Exercise prompt: Take the entries that follow and return only the lines from the one with "Stars and Planets: The" through the final line, leaving every picture behind.

Stored entries
┌──
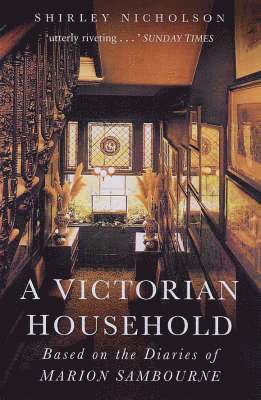 A Victorian Household 1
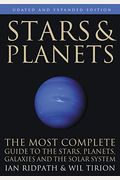 Stars and Planets: The Most Complete Guide to the Stars, Planets, Galaxies, and Solar System - Updated and Expanded Edition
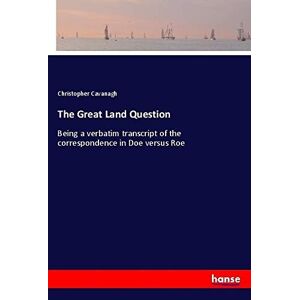 Christopher Cavanagh - The Great Land Question: Being A Verbatim Transcript Of The Correspondence In Doe Versus Roe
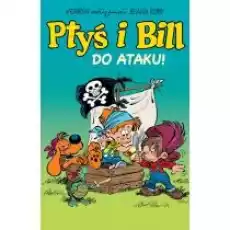 Komiksy są super Ptyś i Bill Do ataku Tom 1 Książki Komiksy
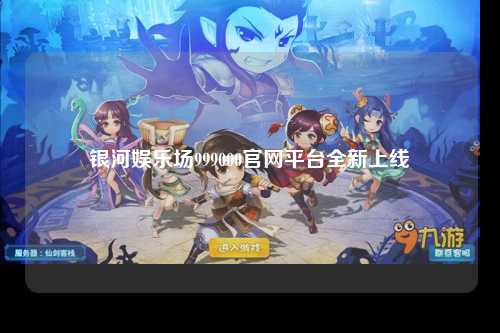 银河娱乐场999000官网平台全新上线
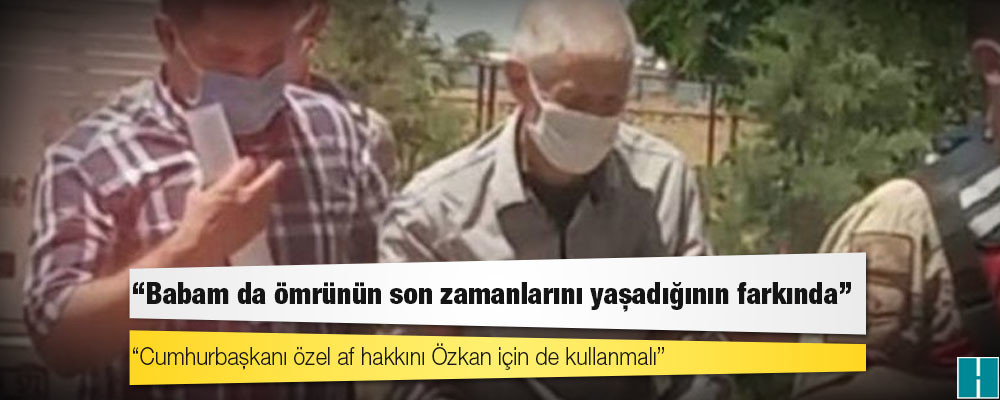 83 yaşındaki ağır hasta hükümlü Mehmet Emin Özkan'ın ailesi: Son günlerini huzur içinde geçirsin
└──
Exercise answer:
 Stars and Planets: The Most Complete Guide to the Stars, Planets, Galaxies, and Solar System - Updated and Expanded Edition
 Christopher Cavanagh - The Great Land Question: Being A Verbatim Transcript Of The Correspondence In Doe Versus Roe
 Komiksy są super Ptyś i Bill Do ataku Tom 1 Książki Komiksy
 银河娱乐场999000官网平台全新上线
 83 yaşındaki ağır hasta hükümlü Mehmet Emin Özkan'ın ailesi: Son günlerini huzur içinde geçirsin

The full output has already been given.